As batalhas de rima, para Punka, têm sua importância em seu poder de revolução e educação social: “Eu acho que é isso que me motiva mais. Fazer a diferença no espaço”. Essa sua preocupação foi intensificada a partir do maior consumo das batalhas por jovens, pois percebe que suas falas influenciam os outros que estão assistindo. “Já é uma cultura marginalizada, então se a gente não criar consciência disso, do poder que a gente tem, de fala, de mudança… E sim, zoar e atacar o outro, mas também criar esses momentos de conscientização”, completa a MC.

Os duelos de MCs do interior estão em constante crescimento e algo notável nessa expansão são as parcerias com as batalhas da capital. Um exemplo foi a Batalha da Aldeia contra a Batalha do Cálice (localizada em Campinas e considerada uma das maiores do interior), que ocorreu no dia 1° de junho, na cidade campineira.
Essas conexões e seus pontos positivos e negativos divergem opiniões. Ainda que considere esses contatos com o exterior muito importantes e valorize a chance de MCs do interior rimam com os de fora, Punka acredita que a prioridade deveria ser fortalecer o movimento de lá, pois possuem o público e os artistas extremamente avançados, mas que não são valorizados.
Ikki, organizador da Batalha do Cálice, acredita que essa parceria será o maior evento que já coordenou: “Eu acredito que a Batalha do Cálice, tendo esses contatos com batalhas da capital, traz algo que já faltava há muito tempo no interior”. Ressalta também o peso da responsabilidade que surge com o crescimento, não só no Cálice, mas de qualquer movimento cultural que esteja à frente.

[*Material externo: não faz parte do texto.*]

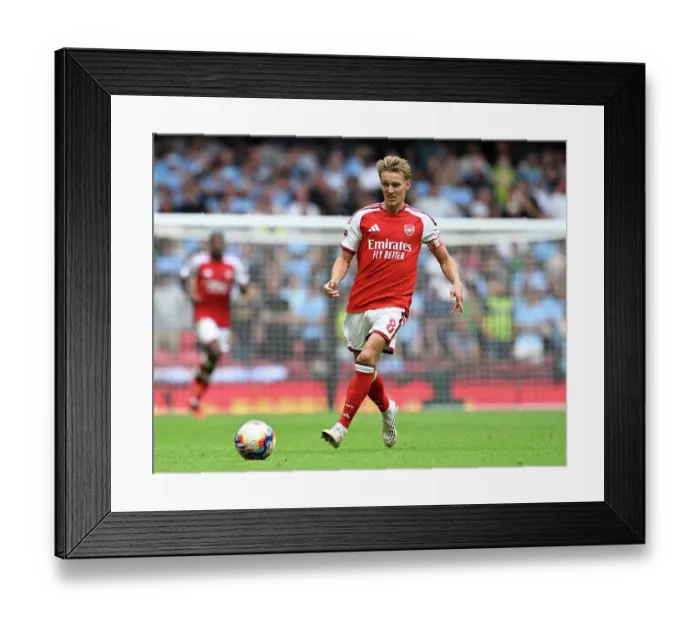 Framed Print : Arsenal v Manchester City - 2026 FA Community Shield Framed Print : Arsenal v Manchester City - 2026 FA Community Shield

“Esse contato traz simplesmente as câmeras que não são trazidas para cá, os olhos, a visibilidade, que a gente merece e deveria ter, mas que, por diversos motivos, acaba não tendo”, Ikki, organizador da Batalha do Cálice
Além da Batalha do Cálice, existem muitos outros duelos na região, os quais também são frequentados por muitos dos entrevistados. Batalha da Home, Batalha da OMG e Estação da Rima são alguns exemplos das organizadas também em Campinas, um dos locais no interior para o qual as batalhas estão se consolidando cada vez mais, a exemplo da lei sancionada em 2024, que coloca o dia 22 de fevereiro como Dia Municipal da Batalha de Rima em Campinas.